I use a small kisser (actually a speed button) that when at my anchor sits right in the corner of my mouth. This keeps me solid in my anchor. Make are your peep height is dead nuts. A not so perfect peep alignment can cause you to drift in the peep.


----------



## Huntmaster (Jan 30, 2003)

There are two anchors I usually suggest. There is a notch in the bottom of your jaw right about anchor. You can put a nuckle in that. The other is the hollow at the bottom of your ear. Try one of those and see if you can hit it consistantly.


----------



## threetoe (May 13, 2011)

YEP..Reo is my hero!!


----------



## mike 66 (Jan 21, 2010)

sounds to me like you answered your own question. IT MUST BE THE SAME WAY EVERY TIME......it dont have to be by the books .. but it must be the exact same way or you will miss. my advice is to only shoot perfect arrows, if its not perfect dont shoot it, let down


----------



## threetoe (May 13, 2011)

I'm going to try a Kisser Button.
Thanks all.


----------



## aread (Dec 25, 2009)

A few possibilities:
- draw length is off a little - it doesn't take much, just a couple of twists one way or the other.
- peep height is off - I'm coming to believe that peep height is almost as important as DL for consistent accuracy
- trying to hold the release hand at a specific angle rather than letting it naturally conform to your face.
- short ATA bow - I've given up on my 30 inch hunting bow except for dense woods. I can't get a repeatable anchor with it.
- alignment too far outside the line - the draw side elbow is not directly behind and aligned with the arrow.

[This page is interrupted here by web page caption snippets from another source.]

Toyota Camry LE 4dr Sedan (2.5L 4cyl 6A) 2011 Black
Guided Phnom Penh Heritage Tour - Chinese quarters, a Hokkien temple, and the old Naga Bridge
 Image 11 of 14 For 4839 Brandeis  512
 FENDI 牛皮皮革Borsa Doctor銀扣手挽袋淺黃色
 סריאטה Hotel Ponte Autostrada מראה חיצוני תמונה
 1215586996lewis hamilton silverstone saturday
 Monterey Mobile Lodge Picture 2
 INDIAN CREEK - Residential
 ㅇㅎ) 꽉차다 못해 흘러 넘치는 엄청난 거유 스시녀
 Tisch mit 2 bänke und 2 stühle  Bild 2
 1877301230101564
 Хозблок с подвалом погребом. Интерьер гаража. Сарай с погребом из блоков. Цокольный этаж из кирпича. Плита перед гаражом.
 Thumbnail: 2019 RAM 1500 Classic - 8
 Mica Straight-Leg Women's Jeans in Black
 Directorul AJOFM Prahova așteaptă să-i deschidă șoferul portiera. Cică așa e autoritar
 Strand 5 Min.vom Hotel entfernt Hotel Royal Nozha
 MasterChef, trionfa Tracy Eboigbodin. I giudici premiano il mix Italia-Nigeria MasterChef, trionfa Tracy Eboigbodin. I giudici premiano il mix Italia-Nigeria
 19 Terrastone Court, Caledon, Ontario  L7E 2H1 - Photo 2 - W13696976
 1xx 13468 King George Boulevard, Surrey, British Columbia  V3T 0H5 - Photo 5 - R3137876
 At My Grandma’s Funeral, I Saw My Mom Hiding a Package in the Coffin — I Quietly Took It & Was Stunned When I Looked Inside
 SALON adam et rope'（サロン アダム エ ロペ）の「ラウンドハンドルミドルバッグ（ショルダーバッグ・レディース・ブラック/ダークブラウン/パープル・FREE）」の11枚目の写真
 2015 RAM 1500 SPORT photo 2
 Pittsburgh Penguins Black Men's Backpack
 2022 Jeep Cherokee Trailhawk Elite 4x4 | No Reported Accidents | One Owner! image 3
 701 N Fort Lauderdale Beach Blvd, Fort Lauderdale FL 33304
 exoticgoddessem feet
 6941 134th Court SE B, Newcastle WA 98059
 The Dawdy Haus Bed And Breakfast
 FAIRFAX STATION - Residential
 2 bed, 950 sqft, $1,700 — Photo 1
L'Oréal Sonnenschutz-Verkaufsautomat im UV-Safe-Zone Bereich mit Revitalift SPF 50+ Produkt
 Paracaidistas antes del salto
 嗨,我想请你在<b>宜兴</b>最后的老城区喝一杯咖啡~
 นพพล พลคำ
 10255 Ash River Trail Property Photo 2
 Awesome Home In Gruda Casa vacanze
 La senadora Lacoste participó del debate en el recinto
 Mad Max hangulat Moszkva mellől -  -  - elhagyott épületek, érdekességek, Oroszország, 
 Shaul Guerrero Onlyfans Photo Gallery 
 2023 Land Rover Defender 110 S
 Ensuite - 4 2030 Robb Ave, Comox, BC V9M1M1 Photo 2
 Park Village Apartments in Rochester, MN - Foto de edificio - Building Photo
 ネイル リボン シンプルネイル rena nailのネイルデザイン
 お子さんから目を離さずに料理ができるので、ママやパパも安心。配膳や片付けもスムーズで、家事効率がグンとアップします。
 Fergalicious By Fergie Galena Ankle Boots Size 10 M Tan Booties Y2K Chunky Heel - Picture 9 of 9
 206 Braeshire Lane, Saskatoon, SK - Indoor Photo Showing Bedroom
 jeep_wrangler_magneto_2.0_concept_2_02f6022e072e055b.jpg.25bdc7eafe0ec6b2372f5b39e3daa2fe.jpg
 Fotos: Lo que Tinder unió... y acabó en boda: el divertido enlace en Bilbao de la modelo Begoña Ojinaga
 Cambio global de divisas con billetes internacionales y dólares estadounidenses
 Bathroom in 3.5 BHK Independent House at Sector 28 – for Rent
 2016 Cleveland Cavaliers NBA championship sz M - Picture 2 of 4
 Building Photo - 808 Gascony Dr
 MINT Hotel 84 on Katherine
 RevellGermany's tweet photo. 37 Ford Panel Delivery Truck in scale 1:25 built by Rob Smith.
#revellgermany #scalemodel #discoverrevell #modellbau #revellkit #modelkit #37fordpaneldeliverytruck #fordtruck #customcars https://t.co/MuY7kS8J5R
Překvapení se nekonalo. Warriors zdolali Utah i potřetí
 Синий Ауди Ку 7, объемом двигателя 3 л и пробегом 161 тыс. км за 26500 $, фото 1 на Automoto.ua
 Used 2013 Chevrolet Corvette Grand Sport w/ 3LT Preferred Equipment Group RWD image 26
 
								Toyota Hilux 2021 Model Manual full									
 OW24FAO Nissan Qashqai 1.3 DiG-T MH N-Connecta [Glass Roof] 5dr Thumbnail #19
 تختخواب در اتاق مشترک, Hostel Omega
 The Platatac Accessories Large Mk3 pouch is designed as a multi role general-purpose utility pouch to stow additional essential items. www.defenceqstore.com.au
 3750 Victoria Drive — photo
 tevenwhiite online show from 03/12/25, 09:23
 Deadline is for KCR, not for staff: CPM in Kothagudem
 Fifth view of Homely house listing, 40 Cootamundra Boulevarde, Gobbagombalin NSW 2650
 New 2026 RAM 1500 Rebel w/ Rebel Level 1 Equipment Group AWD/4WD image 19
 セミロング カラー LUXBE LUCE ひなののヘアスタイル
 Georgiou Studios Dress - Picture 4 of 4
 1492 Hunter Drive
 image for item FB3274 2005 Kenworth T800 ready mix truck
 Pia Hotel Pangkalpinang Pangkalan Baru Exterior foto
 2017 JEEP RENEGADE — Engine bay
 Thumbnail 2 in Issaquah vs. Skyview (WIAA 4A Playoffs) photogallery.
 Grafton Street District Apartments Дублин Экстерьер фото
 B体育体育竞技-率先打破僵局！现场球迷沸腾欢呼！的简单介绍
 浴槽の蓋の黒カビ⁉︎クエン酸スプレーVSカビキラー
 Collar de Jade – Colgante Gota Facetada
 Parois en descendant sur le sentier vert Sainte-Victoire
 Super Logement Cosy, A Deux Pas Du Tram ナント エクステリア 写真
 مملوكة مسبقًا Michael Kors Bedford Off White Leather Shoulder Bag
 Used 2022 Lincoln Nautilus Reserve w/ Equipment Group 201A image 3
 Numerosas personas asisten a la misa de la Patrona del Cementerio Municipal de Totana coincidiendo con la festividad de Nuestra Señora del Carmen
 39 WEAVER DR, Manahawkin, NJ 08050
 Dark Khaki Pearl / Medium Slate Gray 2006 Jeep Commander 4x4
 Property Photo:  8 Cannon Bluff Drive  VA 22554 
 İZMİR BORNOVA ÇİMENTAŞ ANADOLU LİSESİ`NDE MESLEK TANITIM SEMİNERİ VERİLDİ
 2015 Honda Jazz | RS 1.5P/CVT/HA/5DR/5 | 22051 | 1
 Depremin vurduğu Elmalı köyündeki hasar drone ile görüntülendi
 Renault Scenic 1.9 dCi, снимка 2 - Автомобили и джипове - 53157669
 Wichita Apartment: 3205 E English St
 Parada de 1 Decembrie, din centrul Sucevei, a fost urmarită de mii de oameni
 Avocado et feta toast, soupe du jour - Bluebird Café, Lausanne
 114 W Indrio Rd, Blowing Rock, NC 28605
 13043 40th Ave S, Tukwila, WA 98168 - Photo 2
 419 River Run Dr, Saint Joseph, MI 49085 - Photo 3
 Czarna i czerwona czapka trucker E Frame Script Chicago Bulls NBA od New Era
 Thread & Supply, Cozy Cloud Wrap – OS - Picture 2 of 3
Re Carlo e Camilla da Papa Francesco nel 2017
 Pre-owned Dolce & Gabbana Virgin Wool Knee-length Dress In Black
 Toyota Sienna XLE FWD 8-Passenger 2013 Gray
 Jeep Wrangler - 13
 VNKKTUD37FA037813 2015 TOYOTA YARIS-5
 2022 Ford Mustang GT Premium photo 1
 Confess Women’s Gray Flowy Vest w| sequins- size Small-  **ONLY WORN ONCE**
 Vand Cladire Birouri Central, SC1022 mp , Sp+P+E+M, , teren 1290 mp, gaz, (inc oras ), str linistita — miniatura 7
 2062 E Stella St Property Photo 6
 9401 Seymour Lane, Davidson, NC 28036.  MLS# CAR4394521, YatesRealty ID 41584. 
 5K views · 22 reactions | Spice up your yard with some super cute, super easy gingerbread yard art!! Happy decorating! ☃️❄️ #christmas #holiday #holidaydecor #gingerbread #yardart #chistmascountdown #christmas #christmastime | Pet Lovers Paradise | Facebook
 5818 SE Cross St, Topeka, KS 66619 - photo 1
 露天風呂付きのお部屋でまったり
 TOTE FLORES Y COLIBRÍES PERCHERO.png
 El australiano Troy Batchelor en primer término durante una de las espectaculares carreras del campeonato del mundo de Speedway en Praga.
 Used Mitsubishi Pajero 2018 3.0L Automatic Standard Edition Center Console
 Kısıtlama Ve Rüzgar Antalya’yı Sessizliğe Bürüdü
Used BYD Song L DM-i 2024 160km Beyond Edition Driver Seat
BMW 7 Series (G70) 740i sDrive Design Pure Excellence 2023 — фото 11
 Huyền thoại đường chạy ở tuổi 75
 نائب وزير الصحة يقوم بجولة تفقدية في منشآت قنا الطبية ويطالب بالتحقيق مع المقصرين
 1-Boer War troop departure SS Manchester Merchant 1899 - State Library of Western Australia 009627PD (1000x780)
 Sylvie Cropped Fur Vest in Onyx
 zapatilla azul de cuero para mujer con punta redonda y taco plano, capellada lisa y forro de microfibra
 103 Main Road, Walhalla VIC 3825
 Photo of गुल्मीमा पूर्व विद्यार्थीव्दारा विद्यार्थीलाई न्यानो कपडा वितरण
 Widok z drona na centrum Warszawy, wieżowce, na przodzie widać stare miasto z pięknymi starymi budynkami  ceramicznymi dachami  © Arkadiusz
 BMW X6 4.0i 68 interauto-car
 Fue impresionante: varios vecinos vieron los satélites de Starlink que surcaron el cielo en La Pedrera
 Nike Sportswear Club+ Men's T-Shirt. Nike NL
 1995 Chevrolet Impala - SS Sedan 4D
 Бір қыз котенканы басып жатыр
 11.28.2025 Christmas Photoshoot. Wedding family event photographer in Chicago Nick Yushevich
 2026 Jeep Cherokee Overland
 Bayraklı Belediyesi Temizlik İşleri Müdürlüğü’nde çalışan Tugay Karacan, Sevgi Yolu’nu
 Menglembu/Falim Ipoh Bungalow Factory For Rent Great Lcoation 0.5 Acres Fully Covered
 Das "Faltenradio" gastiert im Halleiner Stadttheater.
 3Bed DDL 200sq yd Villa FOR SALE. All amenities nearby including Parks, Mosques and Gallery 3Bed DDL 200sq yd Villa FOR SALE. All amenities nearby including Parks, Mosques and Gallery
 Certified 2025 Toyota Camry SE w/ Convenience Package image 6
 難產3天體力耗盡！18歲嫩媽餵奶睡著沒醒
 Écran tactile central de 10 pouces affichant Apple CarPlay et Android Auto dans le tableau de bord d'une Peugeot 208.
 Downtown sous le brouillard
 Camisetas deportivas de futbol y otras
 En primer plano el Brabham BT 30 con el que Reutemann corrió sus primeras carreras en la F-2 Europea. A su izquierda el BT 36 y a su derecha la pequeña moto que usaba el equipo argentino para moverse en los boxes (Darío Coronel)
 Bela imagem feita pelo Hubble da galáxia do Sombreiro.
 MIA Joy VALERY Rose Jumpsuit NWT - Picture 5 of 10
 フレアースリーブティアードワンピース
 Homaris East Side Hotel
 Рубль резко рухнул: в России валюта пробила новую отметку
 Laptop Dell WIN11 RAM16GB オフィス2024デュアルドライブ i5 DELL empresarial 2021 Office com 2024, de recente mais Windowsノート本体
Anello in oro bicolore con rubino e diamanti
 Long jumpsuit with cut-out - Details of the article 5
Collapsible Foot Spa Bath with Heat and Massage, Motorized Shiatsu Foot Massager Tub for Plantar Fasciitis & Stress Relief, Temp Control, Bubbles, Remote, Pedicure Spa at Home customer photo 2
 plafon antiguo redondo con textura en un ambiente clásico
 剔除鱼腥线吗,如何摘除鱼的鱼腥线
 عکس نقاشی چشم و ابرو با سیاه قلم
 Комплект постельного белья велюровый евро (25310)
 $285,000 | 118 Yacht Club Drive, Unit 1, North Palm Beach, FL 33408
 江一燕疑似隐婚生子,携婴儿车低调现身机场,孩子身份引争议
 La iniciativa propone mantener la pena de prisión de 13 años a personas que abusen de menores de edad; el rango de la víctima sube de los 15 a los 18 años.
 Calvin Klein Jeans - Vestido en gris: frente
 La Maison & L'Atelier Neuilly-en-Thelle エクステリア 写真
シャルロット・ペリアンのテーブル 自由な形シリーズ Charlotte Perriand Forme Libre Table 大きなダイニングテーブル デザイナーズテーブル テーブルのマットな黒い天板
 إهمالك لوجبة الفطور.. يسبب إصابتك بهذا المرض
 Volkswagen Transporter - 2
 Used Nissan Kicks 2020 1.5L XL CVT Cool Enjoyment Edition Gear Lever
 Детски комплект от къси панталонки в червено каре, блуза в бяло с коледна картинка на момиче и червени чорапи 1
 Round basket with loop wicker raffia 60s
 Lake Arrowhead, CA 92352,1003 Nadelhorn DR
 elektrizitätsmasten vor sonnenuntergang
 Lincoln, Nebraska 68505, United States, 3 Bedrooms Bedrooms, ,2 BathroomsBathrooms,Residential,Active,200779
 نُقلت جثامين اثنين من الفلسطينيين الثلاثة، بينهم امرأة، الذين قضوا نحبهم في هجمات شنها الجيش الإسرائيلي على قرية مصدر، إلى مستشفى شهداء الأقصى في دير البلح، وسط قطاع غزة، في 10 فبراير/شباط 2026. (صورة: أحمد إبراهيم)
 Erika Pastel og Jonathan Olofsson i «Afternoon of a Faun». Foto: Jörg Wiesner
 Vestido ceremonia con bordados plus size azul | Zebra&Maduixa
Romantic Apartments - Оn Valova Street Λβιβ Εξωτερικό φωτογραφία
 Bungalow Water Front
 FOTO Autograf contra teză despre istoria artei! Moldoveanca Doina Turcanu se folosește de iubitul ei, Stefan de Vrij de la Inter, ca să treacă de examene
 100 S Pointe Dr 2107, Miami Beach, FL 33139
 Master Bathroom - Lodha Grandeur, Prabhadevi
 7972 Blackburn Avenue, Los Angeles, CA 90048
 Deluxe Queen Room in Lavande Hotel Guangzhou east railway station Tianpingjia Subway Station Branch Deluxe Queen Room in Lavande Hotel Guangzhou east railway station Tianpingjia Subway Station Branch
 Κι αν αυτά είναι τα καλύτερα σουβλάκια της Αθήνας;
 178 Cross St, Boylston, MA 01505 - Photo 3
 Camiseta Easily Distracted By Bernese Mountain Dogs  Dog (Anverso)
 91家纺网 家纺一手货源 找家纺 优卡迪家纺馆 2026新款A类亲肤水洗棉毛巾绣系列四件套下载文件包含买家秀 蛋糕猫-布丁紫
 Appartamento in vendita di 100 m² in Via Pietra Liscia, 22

Probably a few others that I can't think of now.

Allen


----------



## TheAncientOne (Feb 14, 2007)

I find that the best anchor for me is when the first knuckle of my index finger is directly below my ear canal. Squeeze your back muscles so that you are at the "wall", this will give you the proper elbow rotation. Adjust your draw length until its right. Pulling against the stop gives you repeatability. If you are using a trigger release, slowly squeeze the trigger until it releases. Don't punch it, you want to be surprised when it goes. If you've done it properly, your draw hand will pull back on its own and end up behind your head slightly.











TAO


----------



## ZEF (Oct 6, 2012)

Your anchor comes from being at a proper full draw position


----------